Data provided START
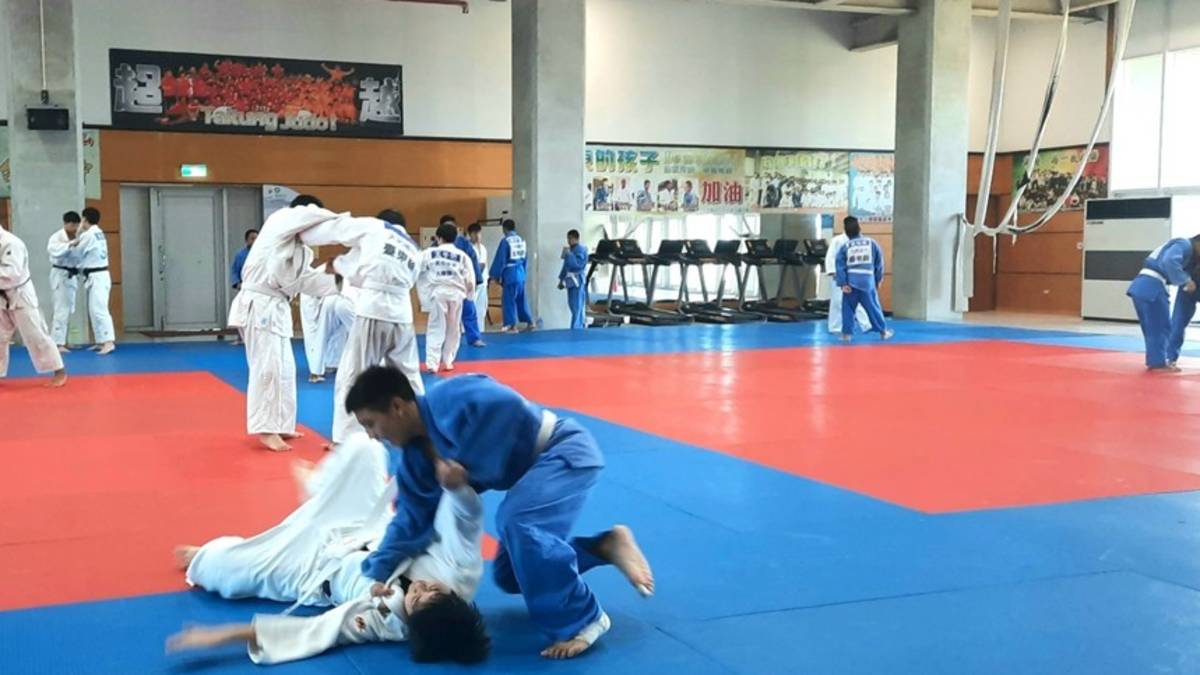 體育館中，來自各縣市的選手兩兩一組，在柔道墊上揮汗過招
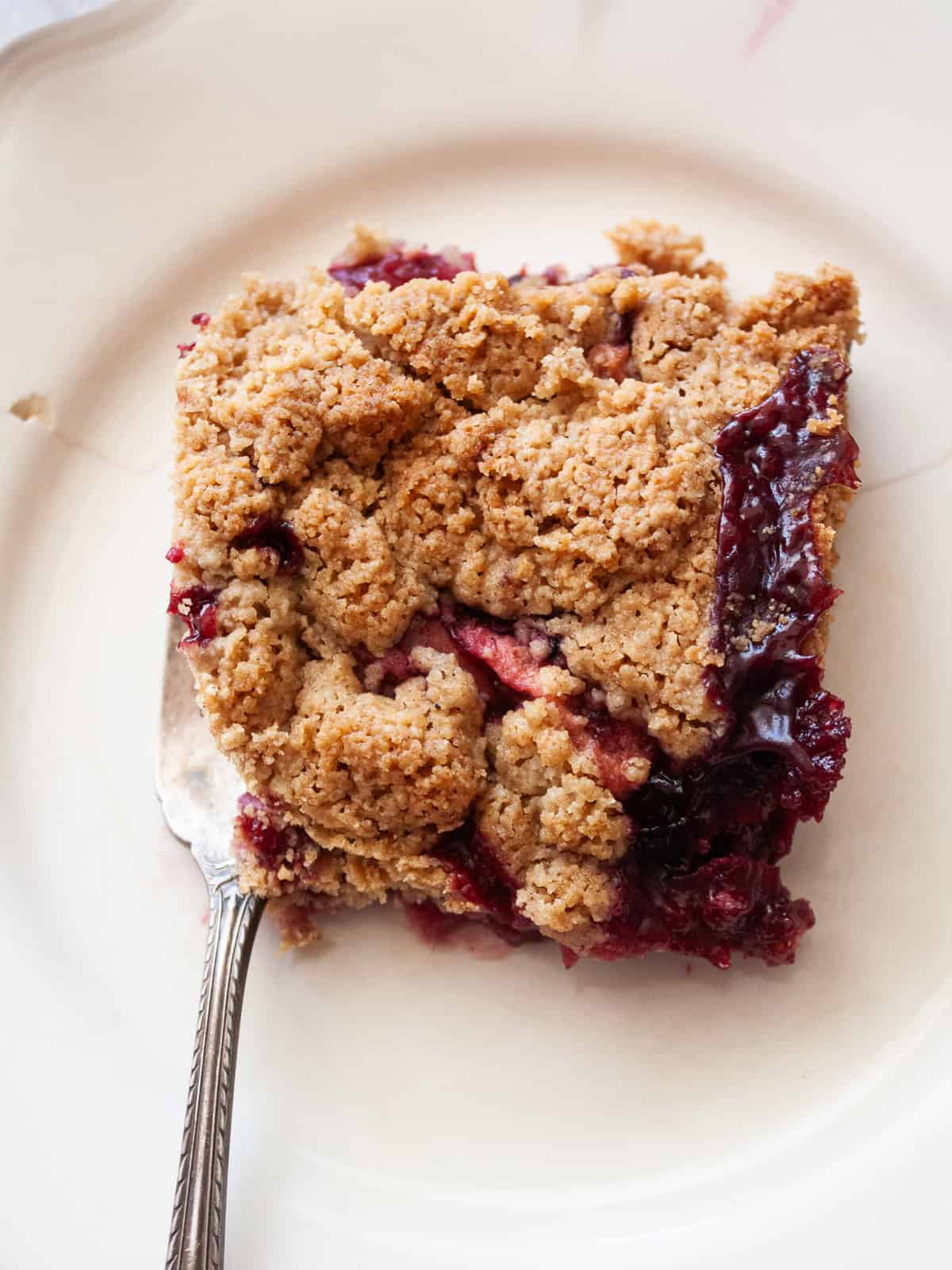 This delicious apple blackberry crumble stars juicy pockets of berries, sweet-tart apples, cinnamon, brown sugar, and a buttery topping. A fork rests next to a slice of apple blackberry crumble on a plate.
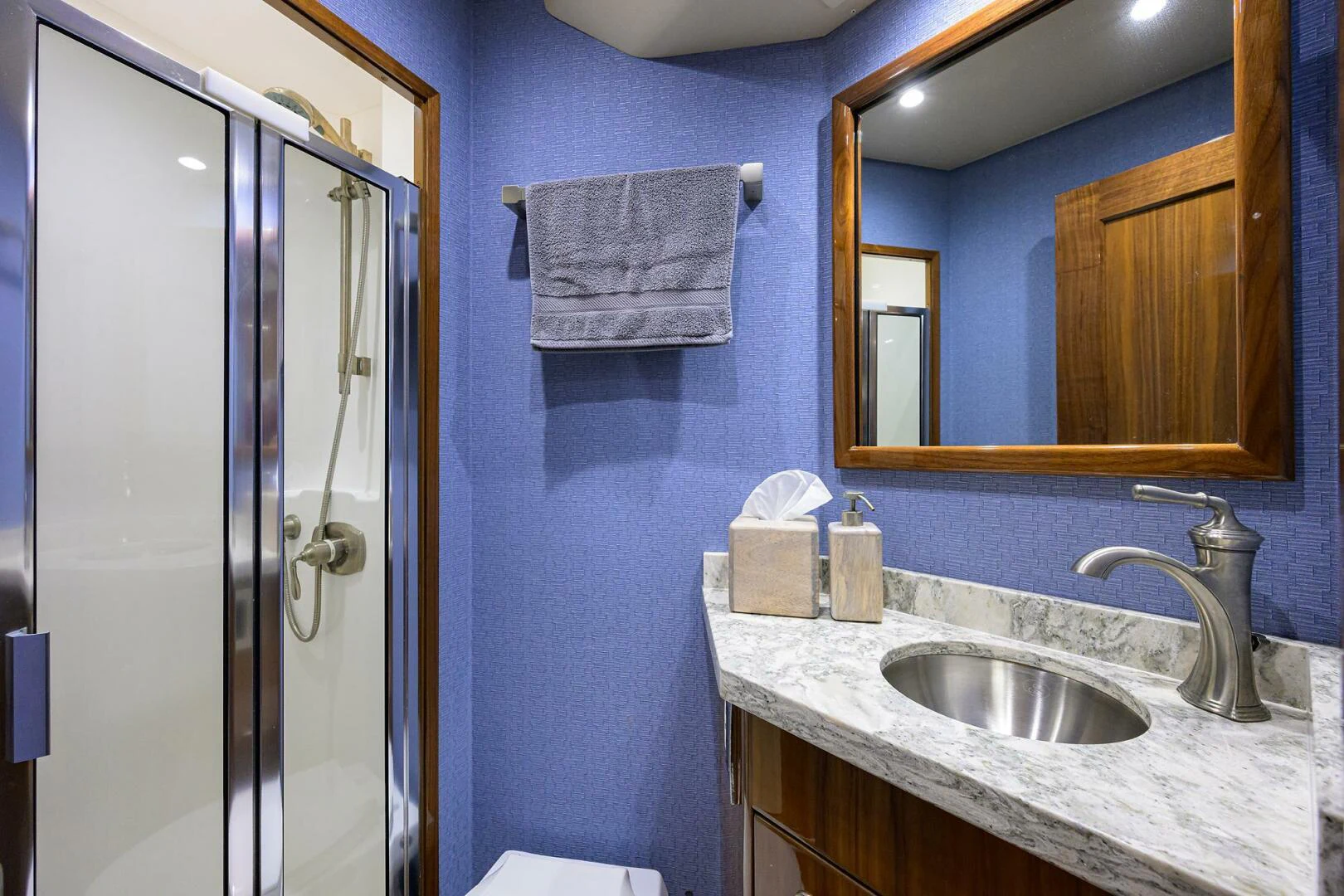a bathroom with a sink and a mirror aboard TAMI ANN Yacht for Sale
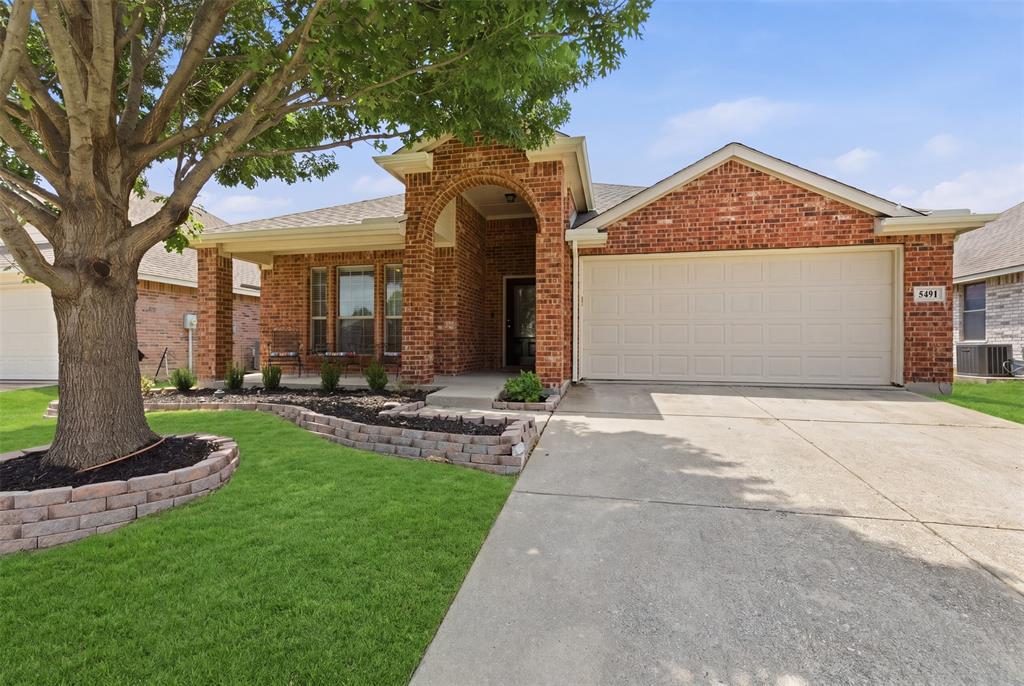 5491 Exeter Drive Prosper, TX 75078 - Photo 20 of 20 a front view of a house with garden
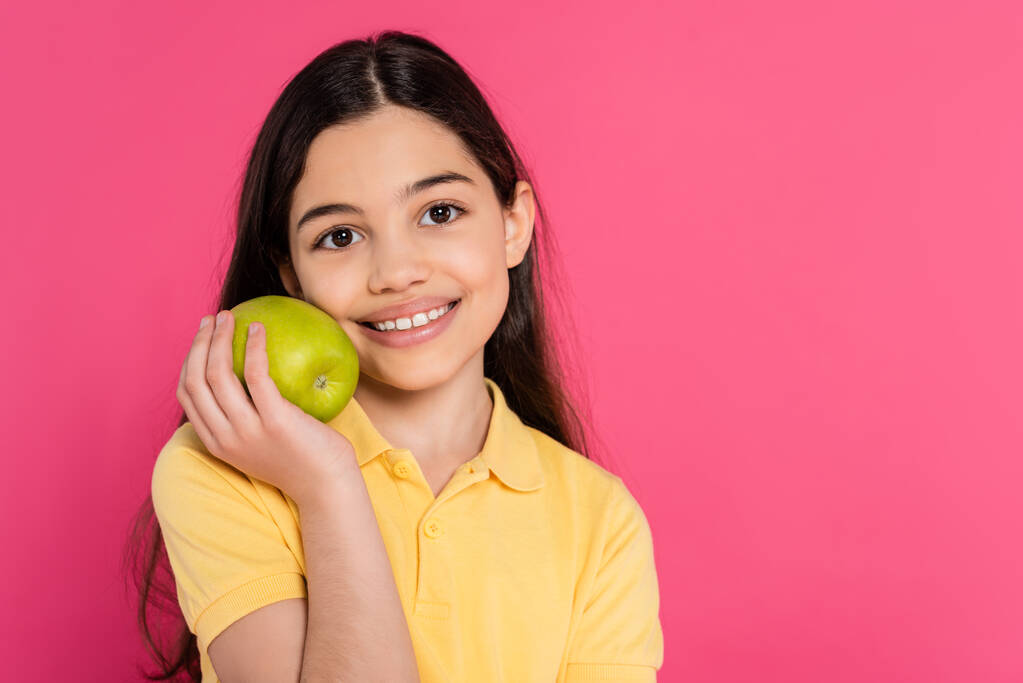 portrait of happy brunette girl holding green and fresh apple isolated on pink, vibrant backdrop - Photo, Image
Data provided END
To do: From the line that contains "5491 Exeter Drive" to the last line of the data, print each line exactly, both ends included, and omit the pictures.

Solution:
 5491 Exeter Drive Prosper, TX 75078 - Photo 20 of 20 a front view of a house with garden
 portrait of happy brunette girl holding green and fresh apple isolated on pink, vibrant backdrop - Photo, Image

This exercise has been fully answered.